◆ Information shown:
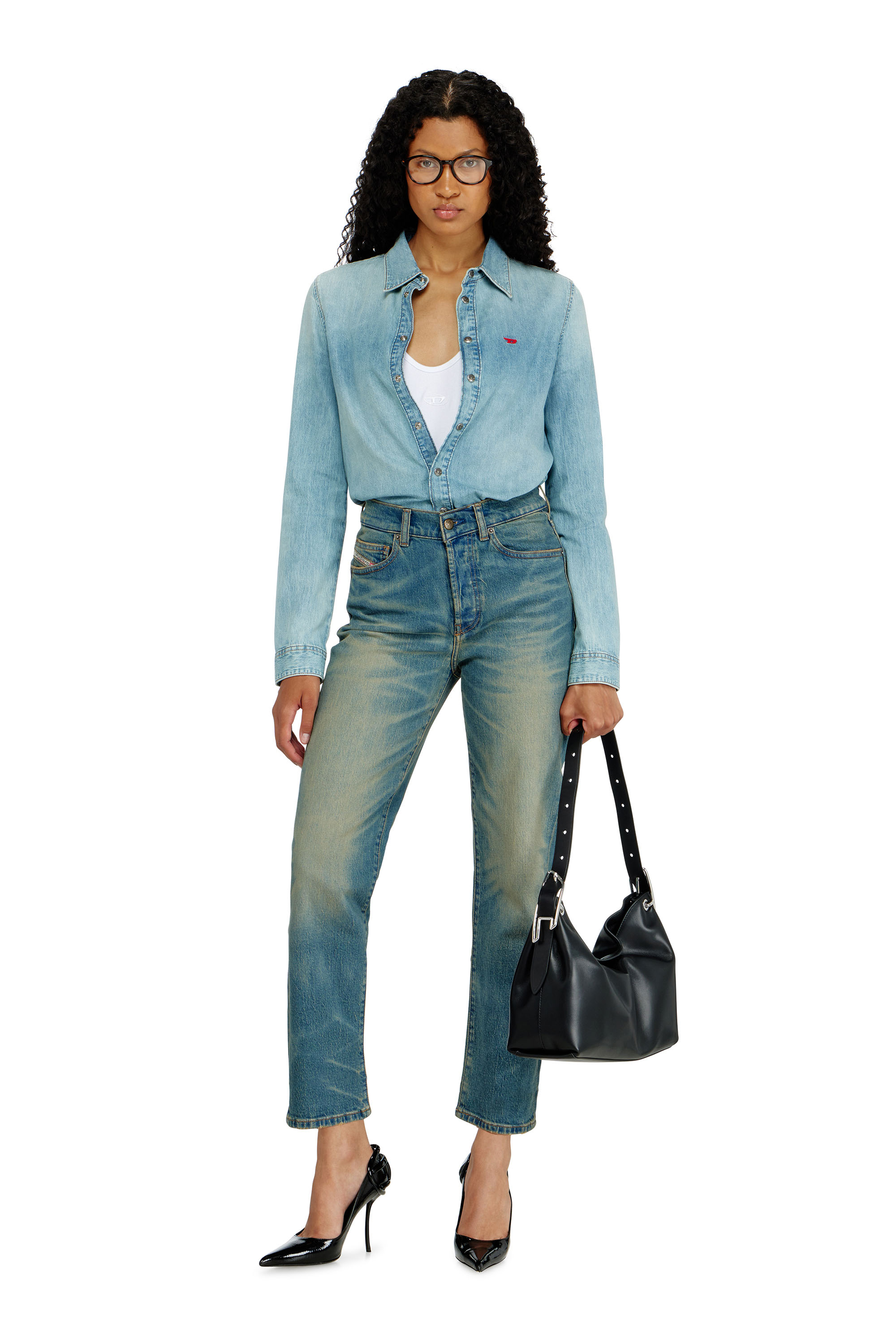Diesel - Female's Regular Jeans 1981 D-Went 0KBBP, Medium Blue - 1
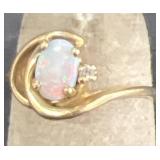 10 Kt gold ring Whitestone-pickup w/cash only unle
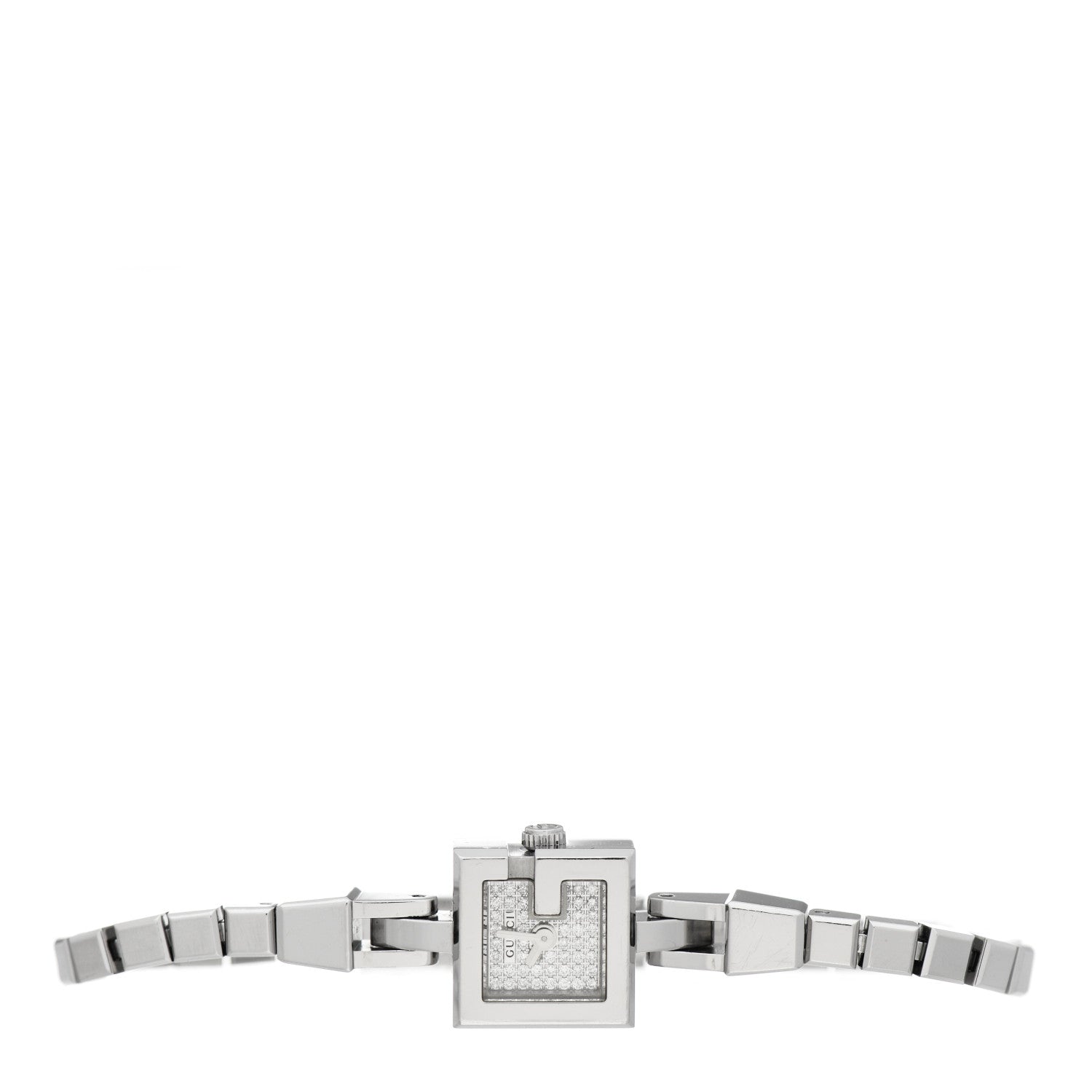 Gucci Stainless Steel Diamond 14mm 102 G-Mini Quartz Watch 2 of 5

◆ Exercise: Leave out the pictures and give the rest of the material again, unaltered.

◆ Result:
Diesel - Female's Regular Jeans 1981 D-Went 0KBBP, Medium Blue - 1
 10 Kt gold ring Whitestone-pickup w/cash only unle
 Gucci Stainless Steel Diamond 14mm 102 G-Mini Quartz Watch 2 of 5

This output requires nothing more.